AN ALTERNATIVE EXPLANATION FOR LANGUAGE LEARNING
As outlined earlier, Popper pointed out that (objective) knowledge can be attained by postulating testable hypotheses using strict universal statements. These hypotheses, in order for them to be useful, and in order to maximise its truth-value, ought to make bold and risky predictions. This epistemological stance can be applied when trying to explain how children acquire language. Fromkin and Rodman’s Introduction to Language say that “children seem to form the simplest and most general rule they can from the language input they receive, and to be so ‘pleased’ with their ‘theory’ that they use the rule wherever they can”. The child has a kind of predisposition to put forth all kinds of conjectures and (rudimentary) hypotheses, which will either turn out to be false, or not. Through trial and error, the child decides which is which. That is, the child begins with no reliable knowledge, but builds up a grammar “by formulating and testing a series of fallible conjectures, choosing between alternative hypotheses compatible with his data by reference to general methodological criteria (notably, strength and simplicity)”. The conjectures that are not falsified are retained and these provide the foundation for further epistemological advances. Sampson theorises that we have an innate ability to reason like this, but this kind of innate reasoning has nothing to do with Chomskyan nativism. Obviously, there must be innateness of some kind in the human brain, as even an extreme empiricist like John Locke says, but it is certainly not as detailed and precise as Chomsky claims it to be.

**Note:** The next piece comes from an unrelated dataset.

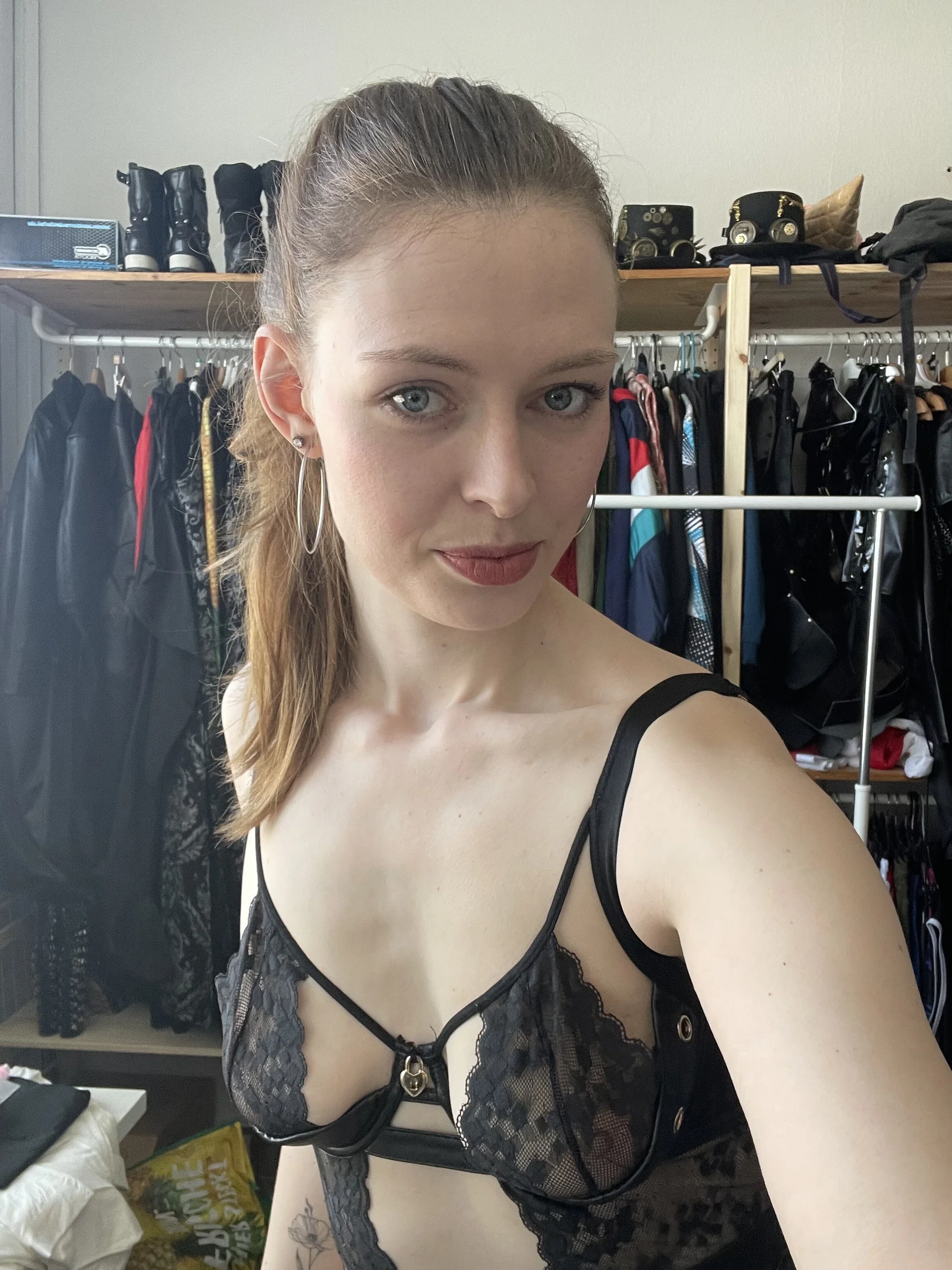 XXX Porn Photo of Nude LilWetThing 1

The fact that the child starts off with no reliable knowledge does not mean that he learns based on a tabula rasa. It means only that his [rudimentary] hypotheses are tentative and subject to empirical testing. As mentioned earlier, even modern-day behaviourists agree that for learning to take place, at least some innate endowment is needed. To repeat a point made earlier, Chomsky admitted back in 1976 that “every learning theory that is even worth considering incorporates an innateness hypothesis”, and later on that same page, that “the question is not whether learning presupposes innate structure – of course it does; that has never been in doubt – but rather what these innate structures are in particular domains”. My contention is exactly that: how much is innate; certainly not as much as Chomsky claims.